INDIAN investors are now looking beyond the traditional asset classes like bank deposits, equities, mutual funds and physical real estate as investment avenues. They have started exploring alternative asset classes as a way of trying to increase their returns and/or diversify risks.
One such asset class that is gaining popularity is real estate investment trust (REIT), which is like an investment or a fund. These are in the form of pooled funds of investors that offer an opportunity to diversify investments across various real estate segments with a smaller capital base (unlike the case of fully owning a commercial real estate, which requires a large capital base) and ensure high dividend yields. The funds invest in portfolios of commercial, pre-rented properties such as shopping malls, office buildings and hotels and distribute the rental income periodically/quarterly.
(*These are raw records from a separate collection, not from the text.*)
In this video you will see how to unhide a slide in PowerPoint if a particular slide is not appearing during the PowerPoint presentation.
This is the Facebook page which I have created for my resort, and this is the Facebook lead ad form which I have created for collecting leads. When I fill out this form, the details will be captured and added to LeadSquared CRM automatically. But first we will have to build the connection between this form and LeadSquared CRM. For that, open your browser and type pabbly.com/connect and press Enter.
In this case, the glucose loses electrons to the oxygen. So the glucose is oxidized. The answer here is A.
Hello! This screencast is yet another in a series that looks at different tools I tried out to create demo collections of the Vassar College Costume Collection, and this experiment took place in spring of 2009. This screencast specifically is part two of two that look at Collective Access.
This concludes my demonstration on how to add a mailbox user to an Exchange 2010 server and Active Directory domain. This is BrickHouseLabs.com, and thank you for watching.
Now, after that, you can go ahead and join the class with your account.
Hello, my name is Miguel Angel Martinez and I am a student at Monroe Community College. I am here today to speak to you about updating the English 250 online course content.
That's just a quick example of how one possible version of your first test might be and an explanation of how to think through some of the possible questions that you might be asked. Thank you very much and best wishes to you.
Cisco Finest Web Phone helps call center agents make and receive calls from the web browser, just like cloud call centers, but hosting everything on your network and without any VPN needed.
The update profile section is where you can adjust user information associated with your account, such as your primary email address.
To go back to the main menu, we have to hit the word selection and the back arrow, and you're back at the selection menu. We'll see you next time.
In addition to the rentals, the investors also share the capital appreciation whenever the property is sold.
REITs are set up as corporations or business trusts. They are either public or private enterprises. Public REITs are open to the general public and are listed on one of the major securities exchange. Private REITs are generally restricted to fewer (mostly institutional) parties.
HNIs have, for a long time, been investing in commercial real estate and enjoyed nominal rentals. With a transformation in the real estate sector over the past few years, the focus has shifted towards Grade-A commercial properties such as IT parks, large commercial buildings, offering world-class amenities. These properties offer good rentals from established and reputed tenants as a result of which, Indian investors are currently enjoying annualised commercial rental yields, as high as 11-13% (against other countries that have yields as low as 3-4%), apart from annual capital appreciation. Thus, over the life of the investment, rentals can pay back almost half the invested corpus through yields, thereby providing some amount of safety to the portfolio.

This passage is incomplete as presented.